Mythen über Pansexualität

Miley Cyrus ist „pansexuell“ – das gab sie letztes Jahr in einem Interview mit der ELLE UK bekannt. Doch was bedeutet das eigentlich? Die größten Mythen rund um Pansexualität auf einen Blick.

1: „Pansexualität ist das gleiche wie Bisexualität – es gibt nur zwei Geschlechter.“

Bisexuelle fühlen sich zum eigenen und zu anderen Geschlechtern hingezogen. Pansexualität bezeichnet eine sexuelle Orientierung, die bei der Wahl der Sexualpartner keine Vorauswahl nach dem biologischen oder sozialen Geschlecht trifft. Das Wort „pan“ kommt aus dem Griechischen und bedeutet „alles“. Geschlechtergrenzen werden überschritten – die Persönlichkeit steht im Mittelpunkt. Das heißt, etwa auch Transsexuelle (eine Person, die sich nicht mit dem bei der Geburt zugewiesenen Geschlecht identifiziert) und Intersexuelle (nicht einem Geschlecht zuordenbar) sind mögliche Partner von Pansexuellen. Nach einer weiten Definition bezeichnet Pansexualität auch eine progressive gesellschaftliche Grundposition, die die Akzeptanz für die verschiedensten geschlechtsbezogenen, geschlechtsübergreifenden und sexuellen Lebensweisen in den Mittelpunkt stellt.

2: „Pansexuelle Menschen sind polyamourös.“

Pansexuell zu sein macht einen polysexuell, aber nicht gleich polyamourös. So wie man monosexuell (nur zu einem Gender hingezogen) und polyamourös (mehrere Beziehungen oder Sexualpartner) sein kann, können Pansexuelle monogam leben. Nur weil sie sich zu allen möglichen Menschen hingezogen fühlen, stehen sie trotzdem nicht auf alle. Die sexuelle Identität und das sexuelle Verhalten sind unterschiedliche Dinge, die sich gegenseitig nicht beeinflussen.

3: „Pansexuelle Menschen sind verwirrt und nur in einer Phase.“

Entgegen der weitläufigen Meinung, muss Sexualität nicht nur eines von zwei Extremen sein. Vielmehr ist Sexualität ein Spektrum und es gibt viele verschiedene Sexualitäten zwischen hetero- und homosexuell. Pansexuell zu sein, bedeutet, sich nicht auf eine Form der Sexualität zu beschränken, sondern die Partnerwahl nicht vom biologischen oder sozialen Geschlecht abhängig zu machen.
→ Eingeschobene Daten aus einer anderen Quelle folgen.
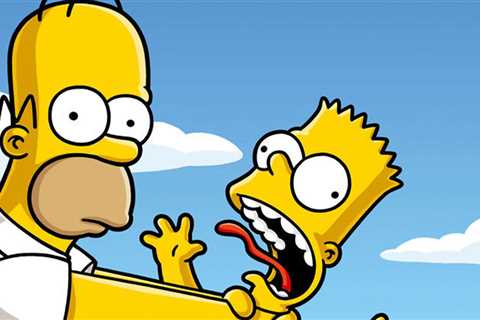 'The Simpsons' Applauded By Prevent Child Abuse America for Stopping Strangling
Vielmehr zählt der Charakter und die Persönlichkeit.

4. „Das ist ein neumodisches Wort – vor fünf Jahren hätte sich niemand so bezeichnet.“

Dass wir heute vermehrt über Pansexualität sprechen, ist sicherlich neuen Kommunikationsplattformen zu verdanken. Das mindert jedoch die Bedeutung des Wortes nicht herab. Pansexualität wurde in den 1990er-Jahren von Menschen in Umlauf gebracht, die die Fluidität von Gender betonen wollten. Viele Menschen bezeichneten sich vor einigen Jahren noch nicht so, da sie das Wort noch nicht kannten. Sexualität ist kein „Trend“ und es ist auch nichts „Modisches“ daran, sich der Öffentlichkeit und somit auch vielen Vorurteilen zu stellen, wenn man ausdrückt, wer man wirklich ist.

5: „Wieso war sie dann vorher nur in Männer verliebt?“

Pansexuelle Menschen müssen ihre Sexualität vor niemandem rechtfertigen, auch wenn sie zum Beispiel hauptsächlich oder nur mit Männern Beziehungen eingegangen sind. Genauso wenig müssen sie dem Rest der Welt beweisen, dass sie „wirklich“ pansexuell sind und sich deswegen demonstrativ mit trans- und intersexuellen Personen verabreden. Die Entscheidung beruht alleine auf der Persönlichkeit und mit wem sie eine Beziehung eingehen wollen oder nicht. Genauso wie die Sexualität von Heterosexuellen nicht hinterfragt wird, sollte sie es bei Pansexuellen auch nicht.